По окраинам расположены непрерывно прибывающие и прибывающие войска всех родов оружия. Вот на пыльном, поросшем бурьяном и будяками пустыре красуется совсем новенькая четырехорудийная, видно, еще не побывавшая в деле гаубичная батарея. Вот только что не египетские пирамиды, сложенные из блоков прессованного сена. Палатки. На плетнях развешаны солдатские портянки, бязевые рубахи, кальсоны. Проветриваются шаровары и раскинувшие рукава гимнастерки. Дымят походные кухни, кипятильники на колесах.
Вспоминается, как проходил я мимо бивака сербских добровольцев, лихих молодцов в странных головных уборах, которые теперь распространены повсеместно и называются пилотки, а тогда вызывавшие удивление.
Возле канавы, густо поросшей дерезой, унизанной бледно-лиловыми продолговатыми ягодками, между вербами протянута коновязь и топчутся лошади, отбиваясь хвостами от мух и слепней. Лица у братушек-сербов смуглые, глаза как угли и как-то по-западному, даже по-американски, по-ковбойски сжатые энергичные рты.
Вот на плацу бивак наших казаков, лихих донцов с чубами из-под фуражек. Вот пулеметная команда.
Все чего-то ждут.
Солдатский телеграф сообщает, что не сегодня завтра нейтральная Румыния объявит Германии войну и тогда сразу же мы переберемся за Дунай, в Добруджу и вместе с румынами ударим по врагу.
Но тянулись дни, а румыны все еще чего-то выжидали.
Войска изнывают от жары, пыли, безделья, нетерпенья.
Но что из себя представляет это скопление всех родов оружия – неясно. Кто говорит, что это новый фронт, кто считает это отдельной особой армией, кто – экспедиционным корпусом. Однако единого командования еще нет, отсюда какой-то всеобщий беспорядок.
Всем распоряжается, как говорят солдаты – всем заворачивает, некий контр-адмирал Дунайской речной флотилии, военный комендант города Веселкин, фигура отчасти комическая, отчасти зловещая. Он тучен, курнос, бородат, полупьян, неряшлив, и если бы не его летний белый сюртук из чертовой кожи с контр-адмиральским черным орлом на погонах и не кортик, то его можно было бы принять за чеховского околоточного. Солдатский телеграф уверяет, что адмирал Веселкин – незаконный сын императора Александра III. Вполне возможно. Он похож на него как две капли воды, только немного пониже ростом.

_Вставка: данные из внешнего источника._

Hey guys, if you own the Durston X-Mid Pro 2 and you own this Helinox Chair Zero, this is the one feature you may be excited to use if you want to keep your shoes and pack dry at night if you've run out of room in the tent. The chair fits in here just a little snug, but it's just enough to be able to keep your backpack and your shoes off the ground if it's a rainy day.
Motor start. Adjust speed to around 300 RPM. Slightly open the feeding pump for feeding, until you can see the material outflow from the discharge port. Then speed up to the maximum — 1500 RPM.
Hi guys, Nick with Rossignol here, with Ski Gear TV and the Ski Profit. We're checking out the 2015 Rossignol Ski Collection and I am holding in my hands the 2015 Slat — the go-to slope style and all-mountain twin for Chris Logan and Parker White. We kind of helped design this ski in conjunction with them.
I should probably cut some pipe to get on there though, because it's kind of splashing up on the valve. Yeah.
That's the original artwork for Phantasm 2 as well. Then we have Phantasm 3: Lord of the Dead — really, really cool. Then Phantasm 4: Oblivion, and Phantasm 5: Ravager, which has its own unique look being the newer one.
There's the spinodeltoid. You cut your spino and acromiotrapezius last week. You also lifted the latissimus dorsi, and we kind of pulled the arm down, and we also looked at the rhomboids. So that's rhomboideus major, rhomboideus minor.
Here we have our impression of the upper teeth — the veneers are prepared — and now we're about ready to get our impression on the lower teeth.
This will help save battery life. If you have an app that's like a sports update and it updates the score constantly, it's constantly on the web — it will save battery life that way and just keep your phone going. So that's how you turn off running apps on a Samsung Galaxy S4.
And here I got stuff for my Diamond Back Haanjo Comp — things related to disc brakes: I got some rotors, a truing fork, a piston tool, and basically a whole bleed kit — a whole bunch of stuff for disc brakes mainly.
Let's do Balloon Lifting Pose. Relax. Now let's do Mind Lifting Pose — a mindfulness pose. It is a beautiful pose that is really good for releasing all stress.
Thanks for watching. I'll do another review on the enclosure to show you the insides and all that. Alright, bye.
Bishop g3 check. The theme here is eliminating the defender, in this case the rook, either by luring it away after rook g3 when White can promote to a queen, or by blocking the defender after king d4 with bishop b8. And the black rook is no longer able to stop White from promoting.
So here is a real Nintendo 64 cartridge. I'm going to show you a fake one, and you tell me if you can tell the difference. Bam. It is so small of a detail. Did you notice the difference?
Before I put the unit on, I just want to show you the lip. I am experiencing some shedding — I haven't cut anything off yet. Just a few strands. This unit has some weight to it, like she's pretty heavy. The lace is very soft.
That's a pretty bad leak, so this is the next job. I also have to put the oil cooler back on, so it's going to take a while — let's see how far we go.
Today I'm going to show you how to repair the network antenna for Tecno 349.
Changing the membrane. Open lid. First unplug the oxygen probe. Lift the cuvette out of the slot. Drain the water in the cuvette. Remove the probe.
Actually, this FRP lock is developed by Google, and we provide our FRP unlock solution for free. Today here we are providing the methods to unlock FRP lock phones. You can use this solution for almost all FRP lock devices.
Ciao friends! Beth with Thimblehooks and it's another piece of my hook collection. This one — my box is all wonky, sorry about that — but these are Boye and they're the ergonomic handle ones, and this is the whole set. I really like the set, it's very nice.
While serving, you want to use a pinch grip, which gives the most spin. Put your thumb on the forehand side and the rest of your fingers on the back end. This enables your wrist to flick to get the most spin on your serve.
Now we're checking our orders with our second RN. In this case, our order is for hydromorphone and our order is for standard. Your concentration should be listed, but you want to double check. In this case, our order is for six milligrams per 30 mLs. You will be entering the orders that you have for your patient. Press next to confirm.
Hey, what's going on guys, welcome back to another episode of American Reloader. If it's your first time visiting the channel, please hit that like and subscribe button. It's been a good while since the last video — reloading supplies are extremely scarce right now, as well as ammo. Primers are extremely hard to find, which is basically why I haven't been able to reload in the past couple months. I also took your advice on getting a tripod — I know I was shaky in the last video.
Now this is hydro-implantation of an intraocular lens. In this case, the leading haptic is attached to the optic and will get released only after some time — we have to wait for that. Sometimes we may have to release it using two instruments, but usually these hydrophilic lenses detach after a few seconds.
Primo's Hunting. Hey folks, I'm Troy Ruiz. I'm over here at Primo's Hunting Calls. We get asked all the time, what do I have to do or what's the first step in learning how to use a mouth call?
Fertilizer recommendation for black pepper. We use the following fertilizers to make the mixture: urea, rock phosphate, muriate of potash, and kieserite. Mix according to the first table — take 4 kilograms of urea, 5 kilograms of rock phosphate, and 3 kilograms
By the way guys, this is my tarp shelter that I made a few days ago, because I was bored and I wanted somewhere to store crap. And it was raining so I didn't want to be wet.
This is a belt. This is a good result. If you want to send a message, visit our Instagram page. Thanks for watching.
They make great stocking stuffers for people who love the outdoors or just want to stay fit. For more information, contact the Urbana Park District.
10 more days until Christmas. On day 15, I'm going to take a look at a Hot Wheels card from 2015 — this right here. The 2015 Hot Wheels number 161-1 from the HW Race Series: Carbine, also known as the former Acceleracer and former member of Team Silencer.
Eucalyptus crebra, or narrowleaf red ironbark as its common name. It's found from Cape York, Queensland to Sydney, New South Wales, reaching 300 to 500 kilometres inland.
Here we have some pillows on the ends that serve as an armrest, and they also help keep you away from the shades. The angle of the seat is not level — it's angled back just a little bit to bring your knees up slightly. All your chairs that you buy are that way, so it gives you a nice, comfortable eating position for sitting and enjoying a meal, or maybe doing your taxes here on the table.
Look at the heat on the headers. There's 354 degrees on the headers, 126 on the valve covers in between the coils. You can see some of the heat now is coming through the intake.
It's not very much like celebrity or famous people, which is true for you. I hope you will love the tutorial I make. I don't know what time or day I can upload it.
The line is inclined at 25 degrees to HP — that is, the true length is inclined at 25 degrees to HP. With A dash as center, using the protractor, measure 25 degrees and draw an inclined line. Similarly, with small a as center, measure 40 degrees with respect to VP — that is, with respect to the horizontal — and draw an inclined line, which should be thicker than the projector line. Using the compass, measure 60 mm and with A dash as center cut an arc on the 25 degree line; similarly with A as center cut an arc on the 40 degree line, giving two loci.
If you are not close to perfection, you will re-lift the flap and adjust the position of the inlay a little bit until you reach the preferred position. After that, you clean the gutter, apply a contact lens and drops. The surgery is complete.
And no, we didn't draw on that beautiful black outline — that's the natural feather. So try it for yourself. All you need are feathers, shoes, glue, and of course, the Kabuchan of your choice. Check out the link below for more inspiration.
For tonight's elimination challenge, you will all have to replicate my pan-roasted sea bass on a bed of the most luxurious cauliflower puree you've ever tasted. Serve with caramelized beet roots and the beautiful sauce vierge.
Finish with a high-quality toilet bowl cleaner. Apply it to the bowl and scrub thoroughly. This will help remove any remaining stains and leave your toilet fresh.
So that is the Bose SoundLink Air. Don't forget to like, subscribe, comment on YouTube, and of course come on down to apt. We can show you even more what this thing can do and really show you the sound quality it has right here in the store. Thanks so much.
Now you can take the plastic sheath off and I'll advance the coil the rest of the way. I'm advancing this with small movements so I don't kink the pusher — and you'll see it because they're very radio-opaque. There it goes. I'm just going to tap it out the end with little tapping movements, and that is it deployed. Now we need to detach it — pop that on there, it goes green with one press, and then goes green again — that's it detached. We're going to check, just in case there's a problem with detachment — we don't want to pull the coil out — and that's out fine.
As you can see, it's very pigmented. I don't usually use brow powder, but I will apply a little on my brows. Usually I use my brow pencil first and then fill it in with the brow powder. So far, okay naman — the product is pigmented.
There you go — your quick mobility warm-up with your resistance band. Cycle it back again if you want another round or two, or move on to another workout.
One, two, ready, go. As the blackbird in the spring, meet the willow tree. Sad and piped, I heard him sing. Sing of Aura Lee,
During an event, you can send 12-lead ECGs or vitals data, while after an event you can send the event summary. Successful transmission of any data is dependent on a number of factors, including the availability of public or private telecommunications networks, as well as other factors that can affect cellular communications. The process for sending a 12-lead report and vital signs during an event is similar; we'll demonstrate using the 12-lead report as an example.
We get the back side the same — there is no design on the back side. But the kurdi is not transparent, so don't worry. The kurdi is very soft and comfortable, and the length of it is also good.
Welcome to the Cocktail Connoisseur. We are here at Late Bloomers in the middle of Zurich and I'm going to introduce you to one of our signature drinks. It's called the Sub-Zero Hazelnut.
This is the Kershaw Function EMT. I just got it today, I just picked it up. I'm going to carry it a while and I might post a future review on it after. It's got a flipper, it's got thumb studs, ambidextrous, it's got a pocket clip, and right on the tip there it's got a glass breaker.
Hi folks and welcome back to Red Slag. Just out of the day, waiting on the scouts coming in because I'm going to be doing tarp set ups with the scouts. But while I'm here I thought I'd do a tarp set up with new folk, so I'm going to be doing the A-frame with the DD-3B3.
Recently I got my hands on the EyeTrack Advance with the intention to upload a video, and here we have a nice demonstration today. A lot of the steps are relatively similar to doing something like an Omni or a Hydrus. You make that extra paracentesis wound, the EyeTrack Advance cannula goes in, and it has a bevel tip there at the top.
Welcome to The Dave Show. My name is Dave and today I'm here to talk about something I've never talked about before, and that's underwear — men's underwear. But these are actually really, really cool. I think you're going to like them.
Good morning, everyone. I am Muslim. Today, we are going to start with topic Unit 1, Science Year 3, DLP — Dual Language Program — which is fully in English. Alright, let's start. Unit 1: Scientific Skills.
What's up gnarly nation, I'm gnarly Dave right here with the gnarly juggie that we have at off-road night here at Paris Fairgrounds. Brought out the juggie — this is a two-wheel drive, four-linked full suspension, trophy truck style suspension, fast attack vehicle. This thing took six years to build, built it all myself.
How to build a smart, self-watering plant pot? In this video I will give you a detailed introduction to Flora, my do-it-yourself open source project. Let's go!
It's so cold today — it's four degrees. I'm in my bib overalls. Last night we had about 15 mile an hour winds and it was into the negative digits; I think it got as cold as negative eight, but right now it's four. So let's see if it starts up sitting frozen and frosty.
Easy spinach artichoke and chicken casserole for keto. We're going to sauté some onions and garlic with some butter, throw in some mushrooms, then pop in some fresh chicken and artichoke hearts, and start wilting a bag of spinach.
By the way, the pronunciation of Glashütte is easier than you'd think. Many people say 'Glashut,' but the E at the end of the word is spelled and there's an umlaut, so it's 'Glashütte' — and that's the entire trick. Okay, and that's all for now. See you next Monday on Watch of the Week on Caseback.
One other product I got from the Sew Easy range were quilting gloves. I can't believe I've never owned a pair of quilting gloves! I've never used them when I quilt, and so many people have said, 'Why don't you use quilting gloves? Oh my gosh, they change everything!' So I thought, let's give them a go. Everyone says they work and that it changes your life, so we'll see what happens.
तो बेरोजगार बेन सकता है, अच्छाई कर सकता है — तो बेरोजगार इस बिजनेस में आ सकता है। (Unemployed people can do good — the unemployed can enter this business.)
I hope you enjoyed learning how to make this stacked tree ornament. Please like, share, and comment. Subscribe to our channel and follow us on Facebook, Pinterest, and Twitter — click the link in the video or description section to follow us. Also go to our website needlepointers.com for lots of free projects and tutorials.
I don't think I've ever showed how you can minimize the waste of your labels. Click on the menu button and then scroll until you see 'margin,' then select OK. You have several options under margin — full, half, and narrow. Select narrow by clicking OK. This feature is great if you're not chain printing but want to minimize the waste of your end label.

У Веселкина навязчивая идея: всюду наводить порядок. Он воюет на базаре с торговками, бьет морды солдатам, не ставшим ему во фронт, сажает на гауптвахту фланирующих по бульвару прапорщиков, штрафует извозчиков, непристойными словами ругает барышень.
Увидав издали белый сюртук, прохожие шарахаются в стороны, прячутся по домам, торговки в развевающихся юбках убегают с базара, таща свои лотки и корзины, из которых сыплются в пыль огурцы и помидоры, солдаты прыгают через плетни и прячутся в дерезе, извозчики изо всех сил хлещут своих лошадей и несутся вскачь – дрожки вихляются и заезжают на деревянные тротуары. Адмирал Веселкин грозит им кулаками и оглашает воздух самой что ни на есть непечатной бранью.
О каком же тут порядке может идти речь? Сплошной хаос! И это все буквально накануне открытия нового фронта военных действий.
Даже сейчас, когда жизнь моя уже прошла, память с поразительной отчетливостью воскрешает все, что я испытывал тогда на берегу Дуная, и прежде всего внезапную, нестерпимо острую тоску по родному дому, по городу, по тому неповторимому миру юности, от которого я так глупо бежал.
Боже мой, что я наделал!
Я испытывал почти ощутимую близость родного новороссийского августа, пламенную густоту неба, грубый запах разросшегося за лето бурьяна, осыпавшего ботинки желтым порошком своего некрасивого, но могущественного цветения, трепет пухлых мотыльков-бражников, кружащихся в палисадниках над яркими, как бы целлулоидными разноцветными циниями, огненными каннами, и каменную скамью над обрывом.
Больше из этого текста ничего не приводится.